Dans les villes soumises à l’encadrement des loyers, le loyer hors charges ne peut en principe dépasser le loyer de référence majoré fixé par arrêté préfectoral. Un bailleur peut toutefois réclamer un complément de loyer lorsque le logement présente un avantage rare, déterminant et absent des logements comparables. Cette possibilité, issue du dispositif instauré par la loi Alur de 2014, reste strictement encadrée. Des WC rénovés, une cuisine récente ou des rangements Ikea améliorent le bien, mais ils ne suffisent généralement pas. Pour justifier un complément de loyer, il faut établir une différence objective qui échappe déjà au calcul du loyer de référence.
À retenir
Un complément de loyer légal repose sur des caractéristiques de localisation ou de confort réellement exceptionnelles par rapport aux logements similaires du quartier. Elles doivent être distinctes des critères déjà retenus pour fixer le loyer de référence majoré et figurer avec leur montant dans le bail. Une rénovation courante, des WC neufs ou des meubles standard ne remplissent habituellement pas cette condition. Le locataire dispose de trois mois après la signature pour saisir la Commission départementale de conciliation s’il estime le supplément injustifié.

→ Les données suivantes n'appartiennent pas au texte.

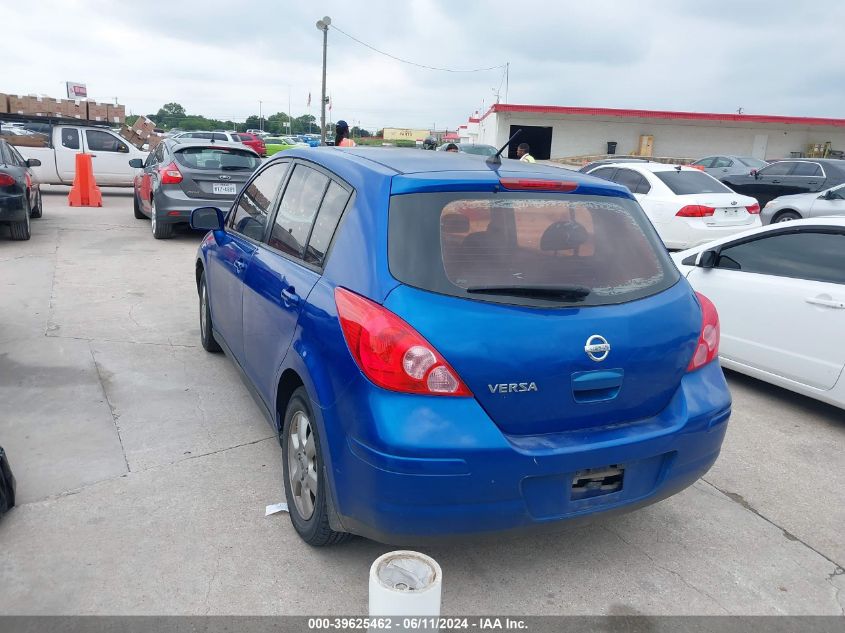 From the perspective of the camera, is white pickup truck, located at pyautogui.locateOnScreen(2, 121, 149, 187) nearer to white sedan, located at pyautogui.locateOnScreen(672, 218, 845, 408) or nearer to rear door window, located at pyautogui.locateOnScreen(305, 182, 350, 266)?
white sedan, located at pyautogui.locateOnScreen(672, 218, 845, 408)

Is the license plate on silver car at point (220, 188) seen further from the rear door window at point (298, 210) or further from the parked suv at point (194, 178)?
the rear door window at point (298, 210)

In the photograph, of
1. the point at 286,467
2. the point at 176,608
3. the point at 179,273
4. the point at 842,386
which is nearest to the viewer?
the point at 176,608

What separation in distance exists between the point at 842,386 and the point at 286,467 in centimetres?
364

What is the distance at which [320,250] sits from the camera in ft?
10.3

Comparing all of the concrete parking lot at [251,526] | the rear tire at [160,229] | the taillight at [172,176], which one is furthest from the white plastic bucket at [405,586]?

Les conditions pour justifier un complément de loyer légal
Le complément de loyer ne concerne que les communes où l’encadrement est en vigueur. À Paris, il s’applique aux baux conclus ou renouvelés depuis juillet 2019. Bordeaux l’a instauré pour les contrats signés depuis le 15 juillet 2022. Lyon et Villeurbanne sont concernées depuis novembre 2021, tandis qu’une partie de Grenoble-Alpes Métropole applique le dispositif depuis le 20 janvier 2025.
Le loyer de base doit d’abord respecter le plafond local. Il est calculé à partir du loyer de référence majoré, publié selon le secteur géographique, le type de location, l’époque de construction, le nombre de pièces et le caractère meublé ou vide du bien. Le supplément vient donc après ce calcul. Il ne peut pas servir à contourner le plafond.
La loi exige des caractéristiques de localisation ou de confort exceptionnelles. Leur intérêt doit être suffisamment marqué pour peser sur la valeur locative. Elles doivent aussi ne pas avoir déjà été pris en compte dans le loyer de référence. Une adresse dans un quartier recherché, la présence d’un ascenseur ou le nombre de pièces sont déjà intégrés dans les catégories statistiques servant à établir ce plafond.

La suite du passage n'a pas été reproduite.